Gedeputeerde Staten van Zuid-Holland,

gezien de Arbeidsvoorwaardenovereenkomst sector provincies 2002/2003;

gelet op het besluit van het Interprovinciaal Overleg van 24 september 2003 (en artikel 25 van het Bezoldigingsreglement provincie Zuid-Holland);

gelet op artikel 158, lid1, sub d van de Provinciewet;

gelet op artikel XI, lid 2 van de Wet dualisering provinciebestuur;

gelet op het Ambtelijk mandaatbesluit d.d. 21 oktober 2003:

BESLUITEN:

Paragraaf 1 Begrippen

Artikel 1 Begripsbepalingen

In deze regeling wordt verstaan onder:

a. CAP: Collectieve Arbeidsvoorwaardenregeling Provincies;

b. ambtenaar: de ambtenaar als bedoeld in artikel A.1, eerste lid, onderdeel a, van de CAP;

c. werknemer: degene als bedoeld in artikel H.1, eerste lid, onderdeel a, van de CAP;

d. bezoldiging: de bezoldiging als bedoeld in artikel A.1, eerste lid, onderdeel e, van de CAP;

e. uitloopschaal: vervallen.

Paragraaf 2 Salaris

Artikel 2 Diensttijd geldig voor salarisverhogingen

a. de tijd, gedurende welke de ambtenaar in zijn betrekking is geschorst, indien en voor zover dat bij de schorsing is bepaald;

b. de tijd, gedurende welke de ambtenaar in strijd met zijn verplichtingen opzettelijk heeft nagelaten zijn dienst te verrichten;

c. de tijd, gedurende welke de ambtenaar buitengewoon verlof geniet, voor zover dat bij het verlenen daarvan uitdrukkelijk is bepaald;

d. de tijd, gedurende welke de ambtenaar langer dan zes maanden, zonder onderbreking van langer dan één maand wegens ziekte verhinderd is geweest zijn dienst te verrichten.

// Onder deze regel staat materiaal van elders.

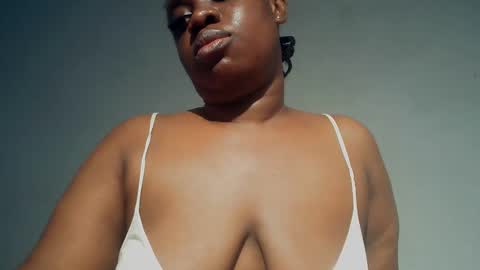 Snapshot of freaky_slut5 chatting on 01.08.26 freaky slut5 online show from 01.08.26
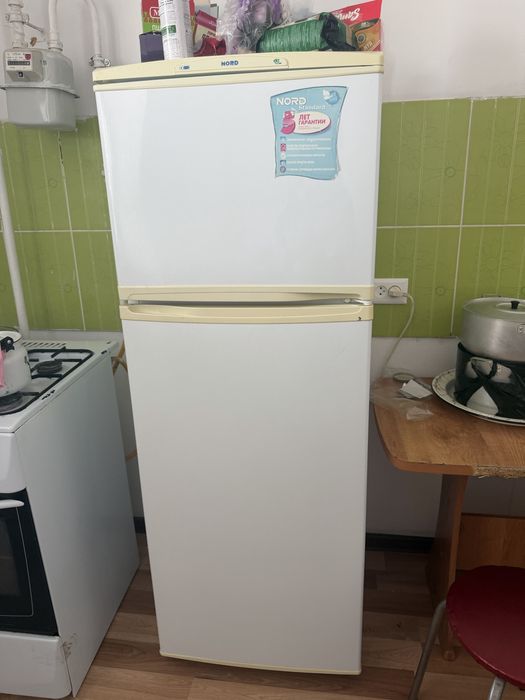 Продам холодильник
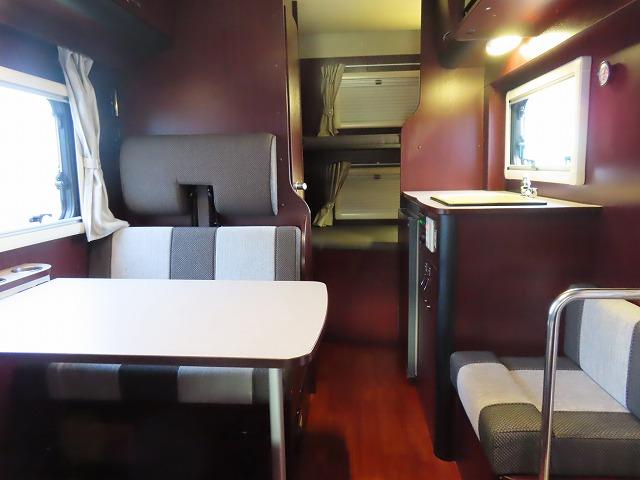 カムロード 　キャンピングカー　ナッツＲＶ　クレソンボヤージュ　エボライト　シンク　冷蔵庫　電子レンジ　トリプルサブバッテリー　走行充電　外部充電　１５００Ｗインバーター　家庭用エアコン　マックスファン（2枚目）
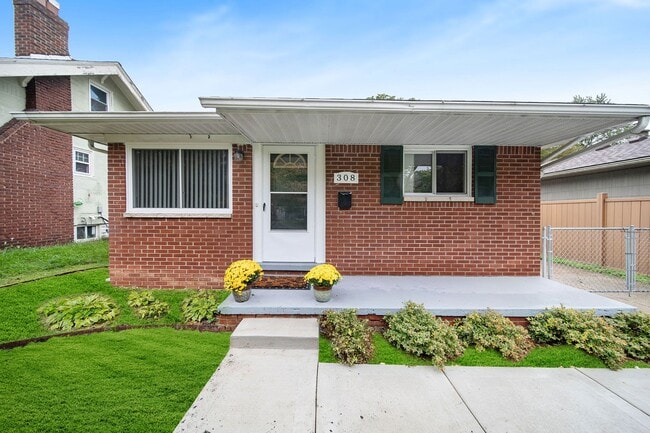 Primary Photo - 308 N Campbell Rd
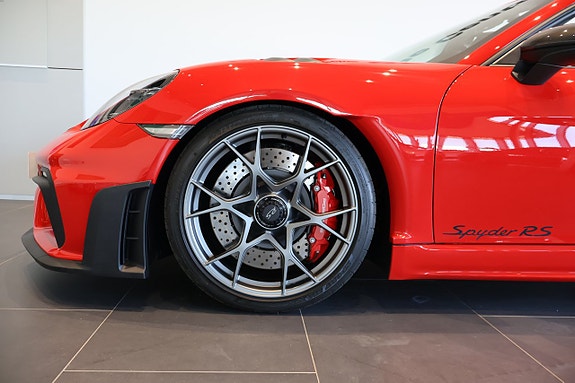 Porsche 718 Spyder RS 4 of 5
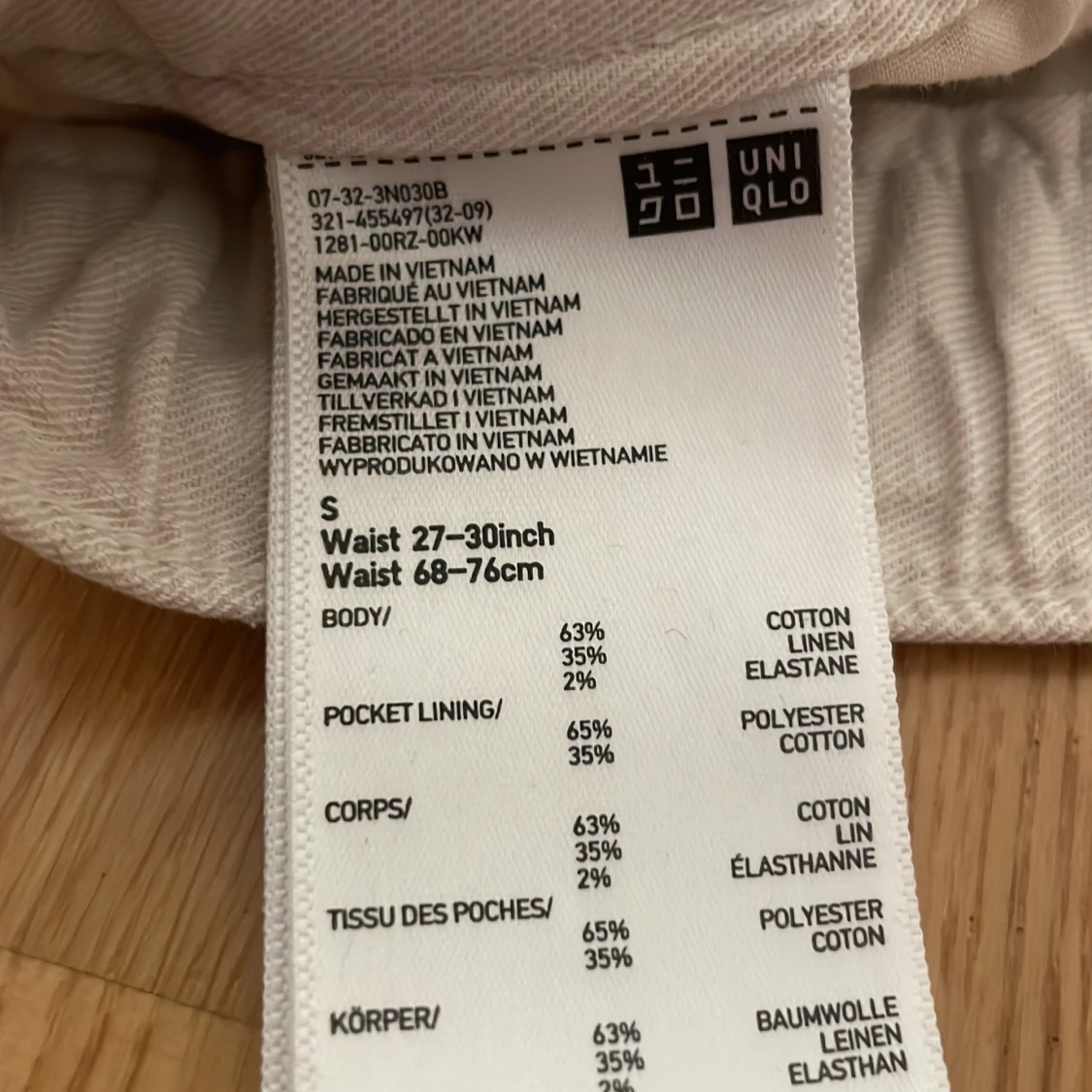 Beige linnebyxor från Uniqlo med dragsko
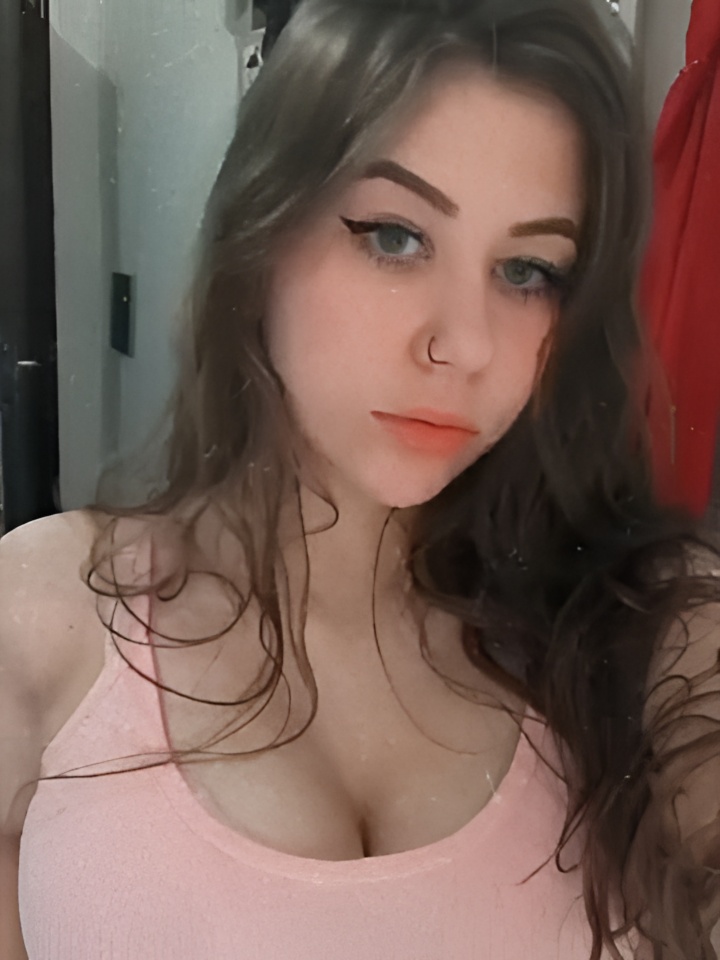 Индивидуалка Софа, доступна для личного знакомства от 5000 руб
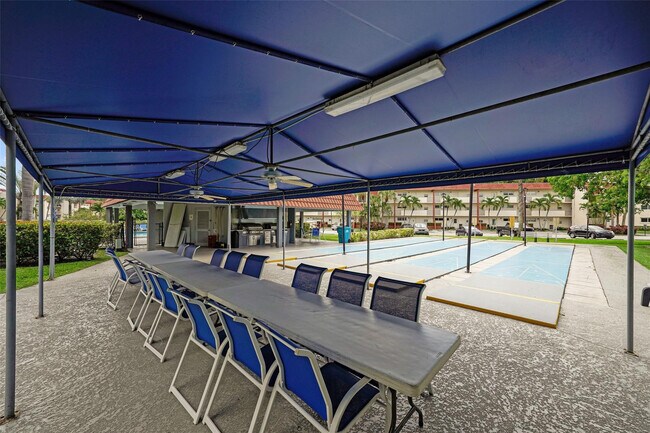 Building Photo - 361 S Hollybrook Dr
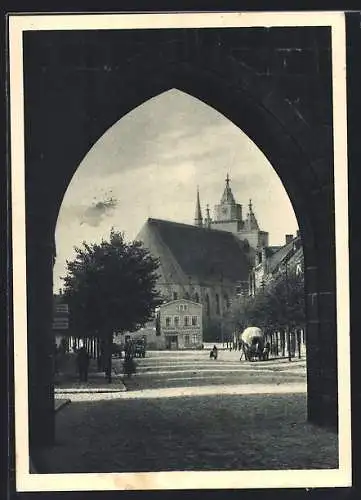 AK Zerbst, Blick durch das Heidetor mit St. Nikolai-Kirche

Artikel 3 Ingangsdatum salarisverhoging

1. De verhoging van het salaris op grond van artikel C.7 van de CAP gaat jaarlijks in per 1 april.

2. In verband met het bepaalde in het vorige lid vindt het evaluatie- en beoordelingsgesprek als bedoeld in artikel 4 van de regeling jaargesprekken, jaarlijks vóór 1 maart plaats.

3. Een salarisverhoging wordt de ambtenaar niet onthouden, indien het evaluatie- en be­oorde­lingsgesprek, anders dan door ziekte of verhindering, niet is ge­voerd en dit niet in overwe­gen­­de mate aan hem toe te rekenen is.

4. De ambtenaar wordt geen salarisverhoging als bedoeld in het eerste en derde lid toegekend, indien uiterlijk vier weken voor 1 maart wordt besloten het evaluatie- en beoordelingsgesprek uit te stellen. De ambtenaar wordt hiervan schriftelijk op de hoogte gesteld.

5. Het evaluatie- en beoordelingsgesprek kan worden uitgesteld voor een periode tot ten hoog­ste zes maanden na het tijdstip waarop de salarisverhoging zou zijn ingegaan. Gedurende dit tijdvak vindt geen salarisverhoging plaats.

6. Als een vastgestelde beoordeling niet leidt tot toepassing van het bepaalde in artikel C.7, derde lid, van de CAP, werkt de beslissing over de salarisverhoging terug tot het tijdstip waarop die salarisverhoging zonder uitstel van die beoordeling zou zijn ingegaan.

Artikel 4 Uitbetaling

1. De uitbetaling van de bezoldiging en vergoedingen, zoals bedoeld in artikel C.2, onderschei­denlijk artikel C.21 van de CAP, vindt plaats vóór of op de vijftiende van iedere maand ten gunste van een door de ambtenaar aangewezen bankrekening.

2. Het bedrag, zoals bedoeld in lid 1 wordt verminderd met eventuele inhou­dingen en vermeer­derd met eventuele uitkeringen en gratificaties.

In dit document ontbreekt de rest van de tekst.